Problem description:
Take the material below and extract the lines from the one with "32961300000 PLAN Тумба" through the one with "Carter's Light Blue", word for word, without pictures.

Available data Start Marker

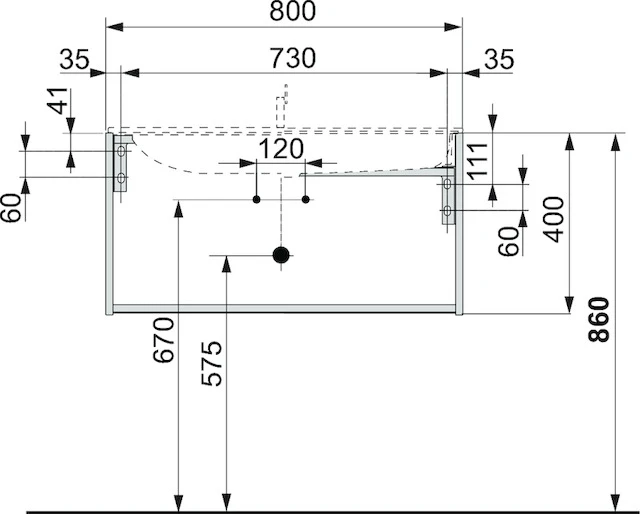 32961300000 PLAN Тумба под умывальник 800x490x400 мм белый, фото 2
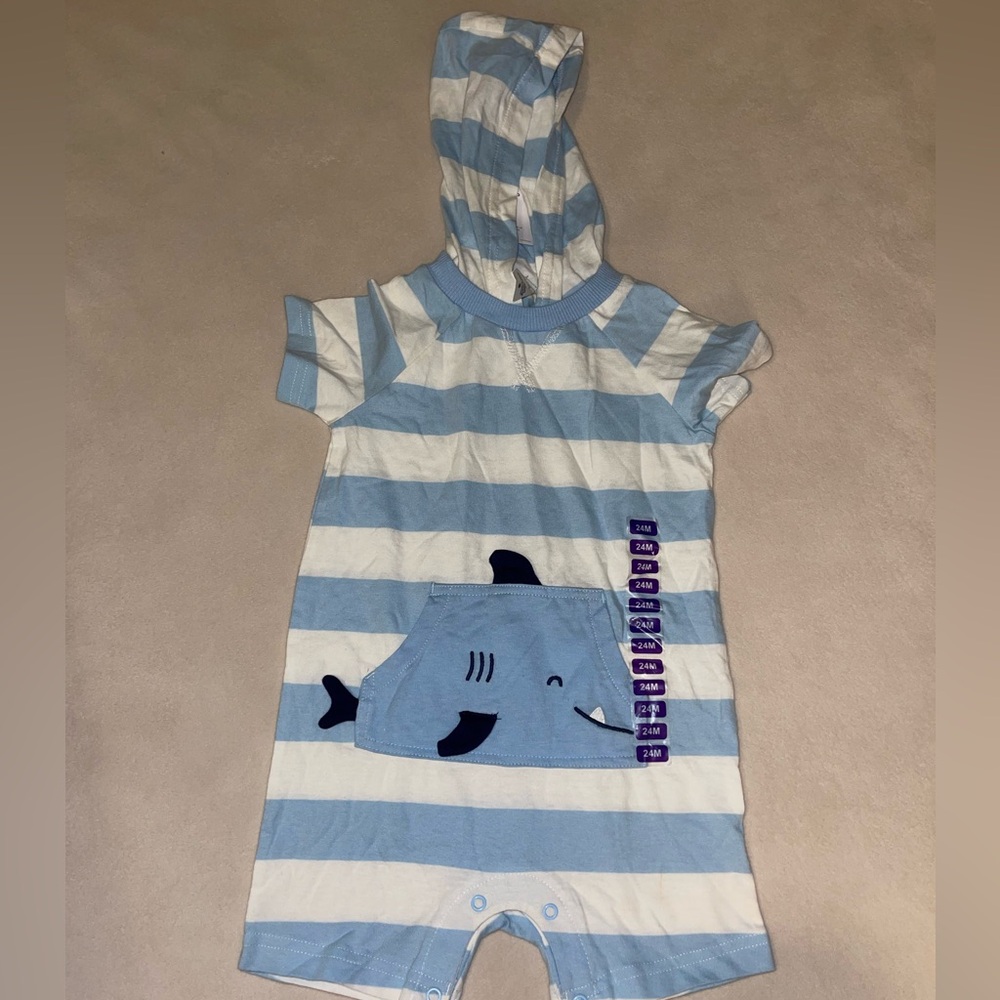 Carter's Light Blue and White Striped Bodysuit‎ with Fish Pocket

Available data End Marker
Available data Start Marker

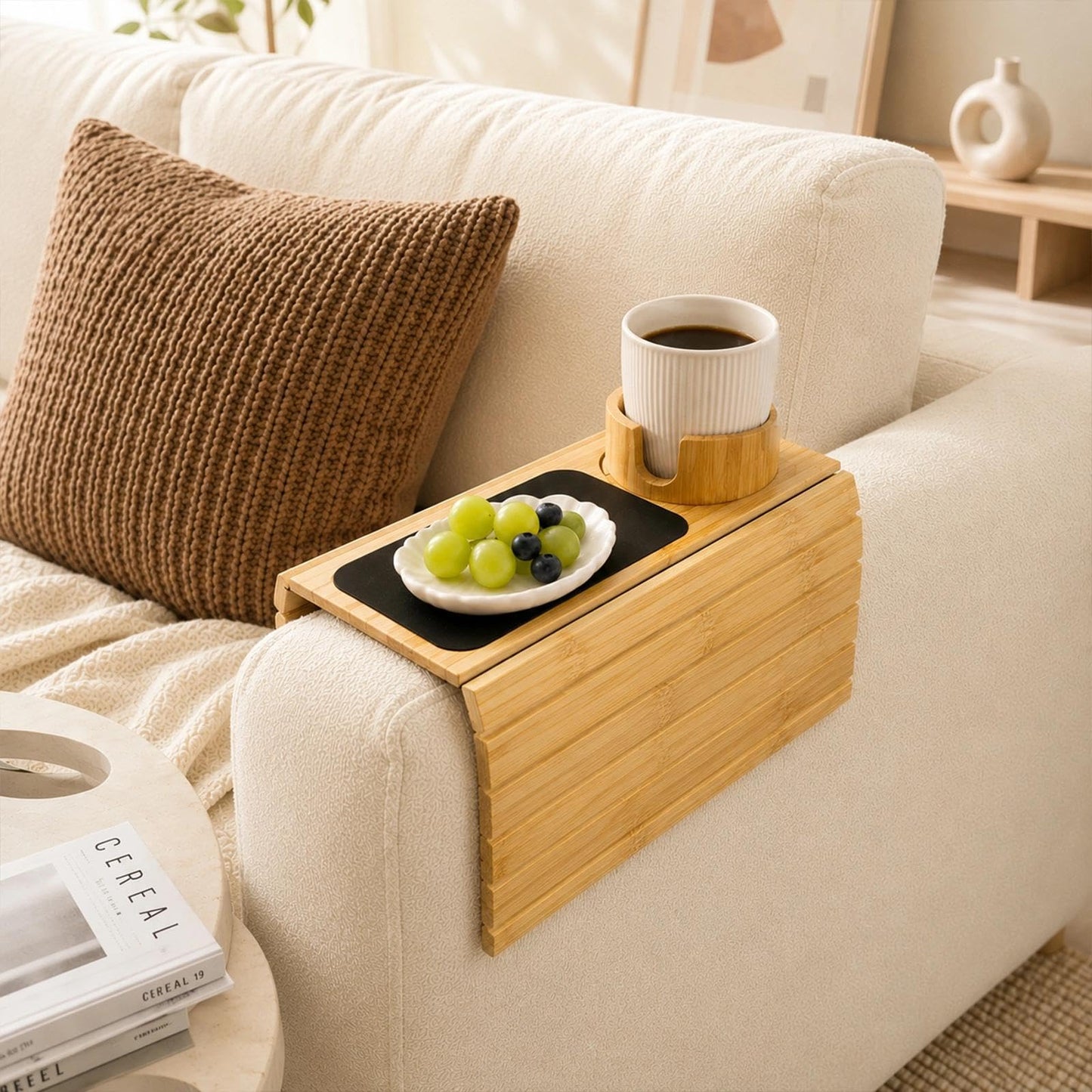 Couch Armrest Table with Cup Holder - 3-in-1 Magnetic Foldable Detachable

Available data End Marker
Available data Start Marker

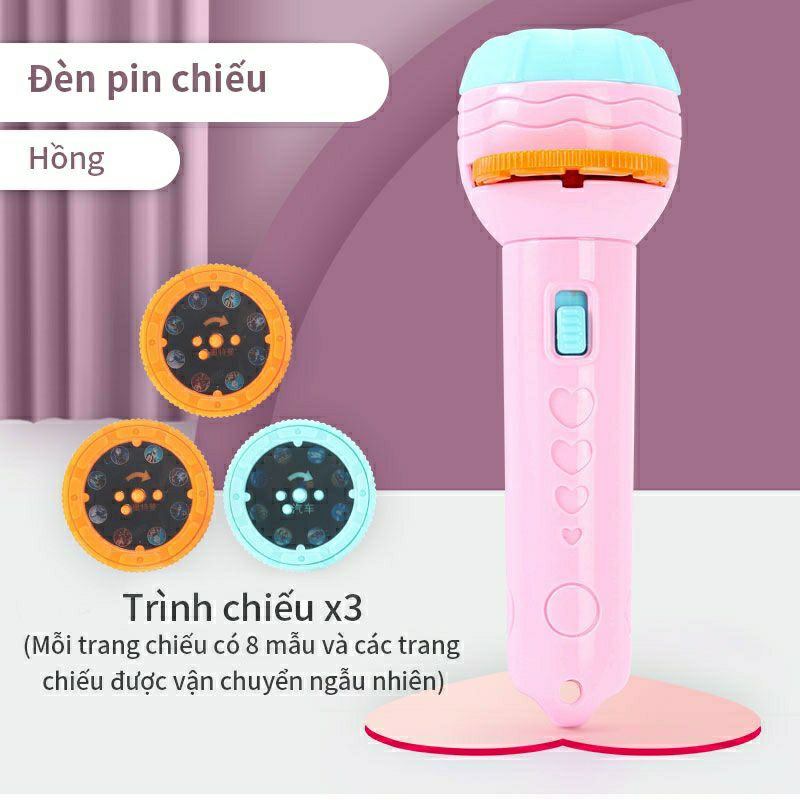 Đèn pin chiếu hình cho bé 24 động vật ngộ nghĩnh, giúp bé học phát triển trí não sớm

Available data End Marker

Output below:
 32961300000 PLAN Тумба под умывальник 800x490x400 мм белый, фото 2
 Carter's Light Blue and White Striped Bodysuit‎ with Fish Pocket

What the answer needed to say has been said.